あの頃の自分が、何をしていたのか。正直に言えば、長い間わかっていませんでした。気づいたのは、部屋がひとりぶんの空気になってからのことです。

「俺の部屋」という言葉を、軽く使っていた

同棲を始めたのは、彼女と自然な流れでそうなったからです。物件を探したのも、契約を結んだのも自分でした。家賃は折半していましたが、なんとなく「自分の部屋に彼女を住まわせている」という感覚が、どこかにあったのだと思います。

喧嘩になる度に、決まって同じ言葉が口をついて出ました。「ここは俺が借りた部屋だから」——自分では、ただ事実を言っているつもりでした。脅しているつもりも、傷つけるつもりも、なかったのです。
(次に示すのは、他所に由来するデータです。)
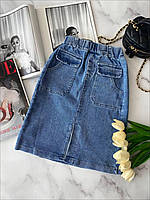Джинсові спідниці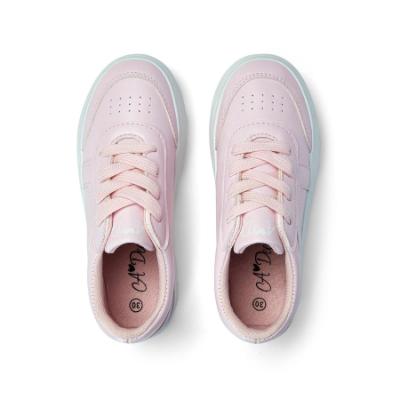 Picture of PRE ORDER A Dee Patty Platform Trainer - Pink Blossom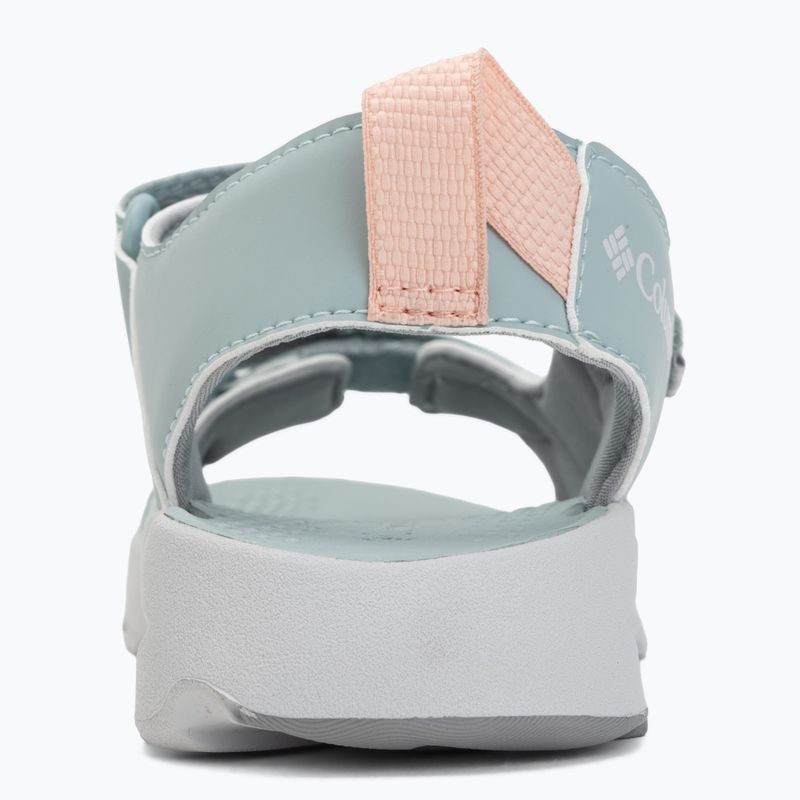 Dětské sandály Columbia Techsun Adventure crushed blue/blush rose 6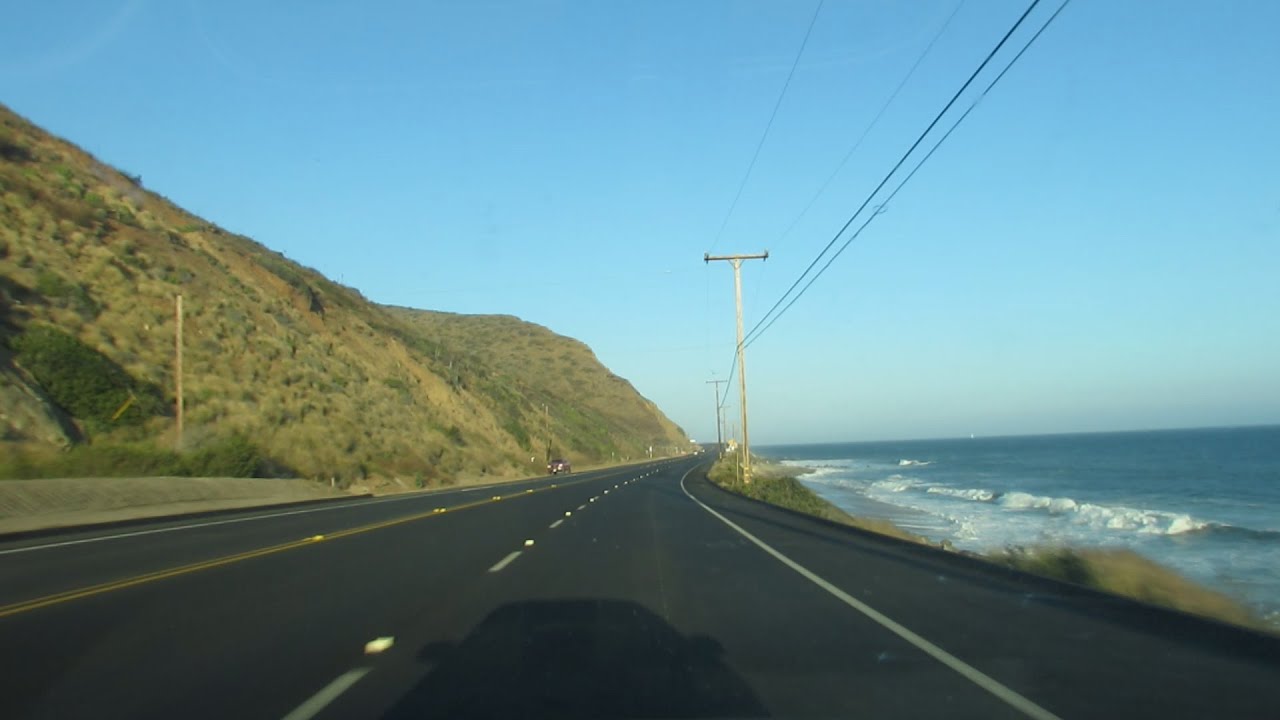 CA Highway 1 (PCH) - Oxnard to Santa Monica (2020-E11)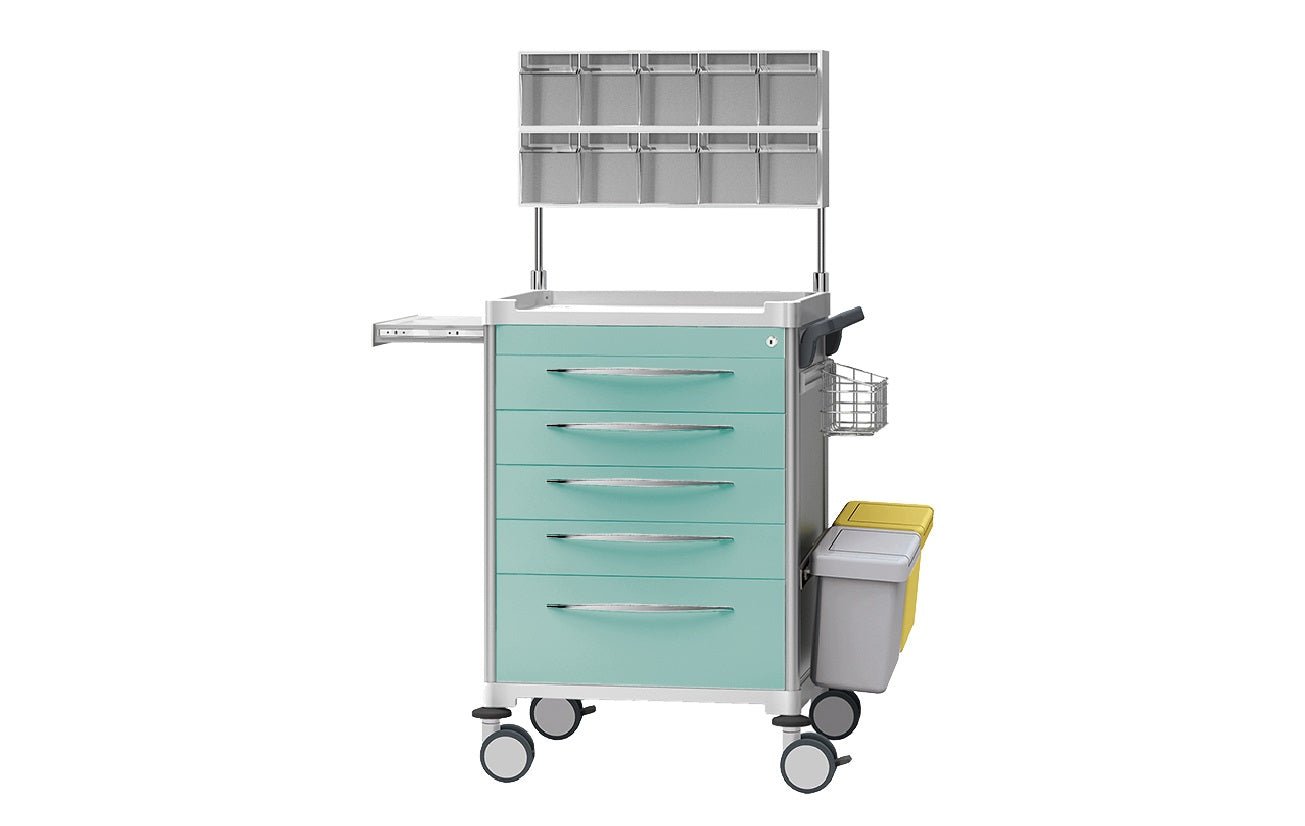 MAGIC BOX Series Anesthesia Trolley - Rife Medical Furniture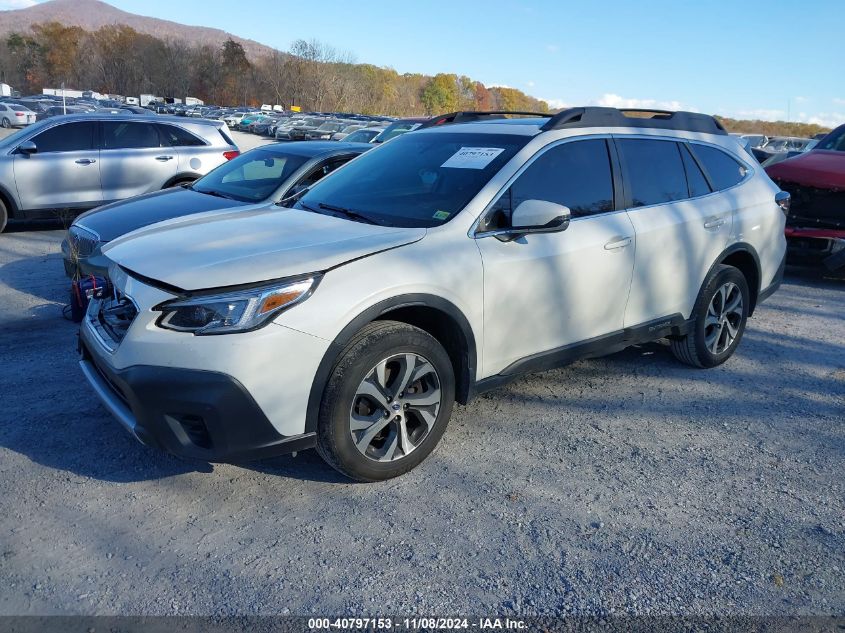 2020 Subaru Outback Limited Xt VIN: 4S4BTGND8L3202149 Lot: 40797153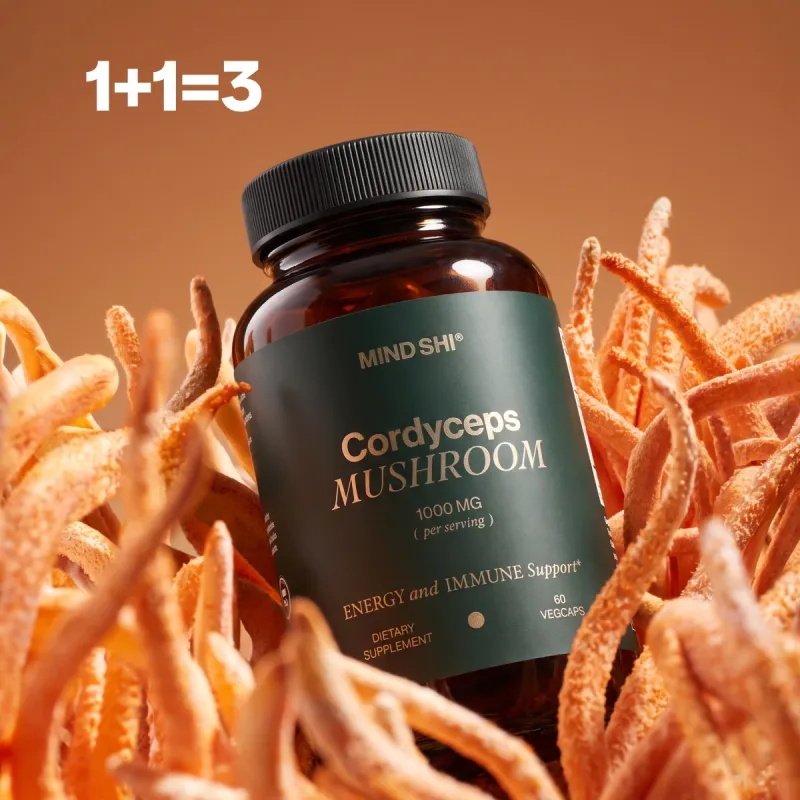Акція | 1+1 = 3 | Cordyceps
ただ、その言葉がどれだけの重さを持って相手に届いていたか、そのときの自分には想像もできていませんでした。

彼女が、変わっていった

ある時期から、彼女が自分の意見をあまり言わなくなりました。言い合いになりかけると、途中で黙ってしまうことが増えました。

そのことに気づきながら、深く考えませんでした。「落ち着いてくれた」くらいに思っていたのかもしれません。一緒にいても、どこかぎこちない空気が流れていることはわかっていました。それでも、自分から何かを変えようとはしなかった。

彼女がスマートフォンで何かを調べていることが増えたのも、その頃だったと思います。何を見ているのか、聞くことはしませんでした。